We log the server stats on a schedule initiated by a queue message created when the rufus schedule is fired within the schedule worker process. This queue message is only created if a prior one doesn't already exist for that server. We need to clarify what the process count spike means, what processes were added? Was there something that happened in terms of new/added processes prior to the large number of "df" counts. Also, it would be useful to know if those df commands were failing because of something. Looking at the code, nothing looks obvious to me so it might be the 'df' command we're in combination with something that could be happening on storage. The 5.minutes frequency comes from this setting: https://github.com/ManageIQ/manageiq/blob/00af6164bf983bed2f86cfa5244d0b9c2c9fcecf/vmdb/config/vmdb.tmpl.yml#L499 The schedule worker's rufus thread throws the "we need to queue up a log server stats" thing into the schedule workers internal queue here: https://github.com/ManageIQ/manageiq/blob/00af6164bf983bed2f86cfa5244d0b9c2c9fcecf/vmdb/lib/workers/schedule_worker.rb#L113 When the schedule worker goes through it's internal queue, it calls this miq_server_worker_log_status method: https://github.com/ManageIQ/manageiq/blob/00af6164bf983bed2f86cfa5244d0b9c2c9fcecf/vmdb/lib/workers/schedule_worker/jobs.rb#L16 Note, it's eventually adds it to the miq_queue table by doing MiqQueue.put_unless_exists: https://github.com/ManageIQ/manageiq/blob/00af6164bf983bed2f86cfa5244d0b9c2c9fcecf/vmdb/lib/workers/schedule_worker/jobs.rb#L225 Which means, it won't queue up the same task twice if there's already a miq_queue row with these values: :class_name => "MiqServer", :method_name => "log_status", :task_id => "log_status", :server_guid => MiqServer.my_guid, :priority => MiqQueue::HIGH_PRIORITY This last point implies we don't have a bunch of miq_queue records all asking to do the log_status.

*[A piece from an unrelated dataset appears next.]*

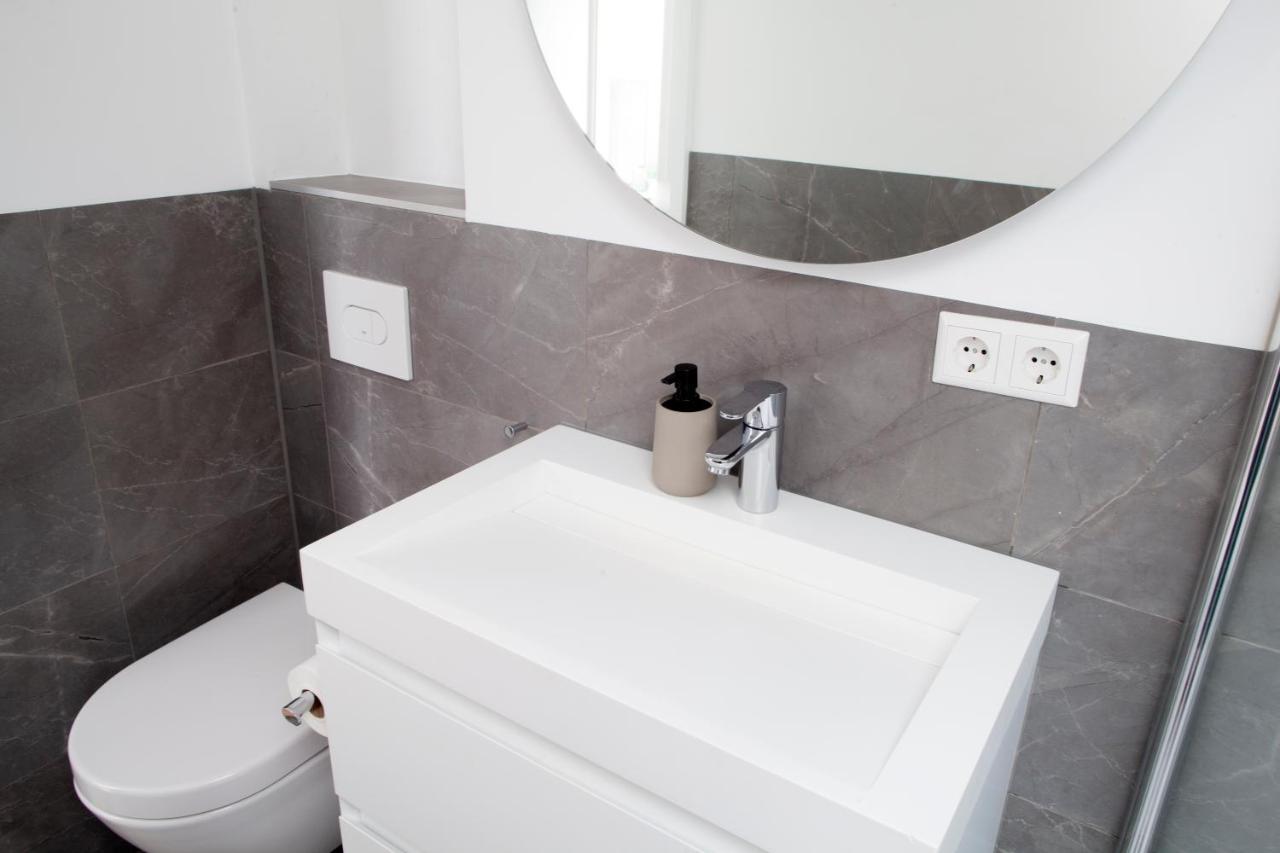Luxe Suites Roses Bed & Breakfast Amsterdam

Another question is why this log is not rotating. Is this related to the upstream bug where the logs were not rotating?
Could this be a NFS mount issue?
to Jason's comment: we rotate logs on a daily schedule, not by size: https://github.com/jrafanie/manageiq/blob/ecda2a8c75225a3248adc011f7714d186c37cb0a/system/COPY/etc/logrotate.d/miq_logs.conf#L2 Following up on Tom's comment, a google search it's looks clear that df is known to hang when mount volumes are inaccessible. http://unix.stackexchange.com/questions/21199/why-is-df-hanging https://bugs.centos.org/view.php?id=6414 https://community.oracle.com/thread/2515836 https://darktraining.com/linux/67/ Many of the suggestions online are to limit our df command to only local volumes by passing -l: df -l Note, this bug seems to indicate the local option may not work with fedora20 https://bugzilla.redhat.com/show_bug.cgi?id=1199679 We'll have to recreate this in house and see if we can verify it on rhel 6.6.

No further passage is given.